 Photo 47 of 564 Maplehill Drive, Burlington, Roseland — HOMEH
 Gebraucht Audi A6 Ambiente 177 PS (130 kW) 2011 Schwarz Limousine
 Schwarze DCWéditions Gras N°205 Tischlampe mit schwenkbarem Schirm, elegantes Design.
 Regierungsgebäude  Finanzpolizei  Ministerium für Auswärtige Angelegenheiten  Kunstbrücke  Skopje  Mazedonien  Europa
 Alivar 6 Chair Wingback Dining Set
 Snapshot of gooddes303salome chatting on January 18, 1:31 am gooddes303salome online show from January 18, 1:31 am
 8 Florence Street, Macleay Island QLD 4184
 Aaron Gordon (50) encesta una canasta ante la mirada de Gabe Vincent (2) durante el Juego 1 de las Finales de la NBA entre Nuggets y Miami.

EXERCISE INSTRUCTIONS
What you give back should be exactly the lines from the one with "8 Florence Street, Macleay Island QLD 4184" through the final line of the listing, and no others.

SOLUTION TO THE PROBLEM
 8 Florence Street, Macleay Island QLD 4184
 Aaron Gordon (50) encesta una canasta ante la mirada de Gabe Vincent (2) durante el Juego 1 de las Finales de la NBA entre Nuggets y Miami.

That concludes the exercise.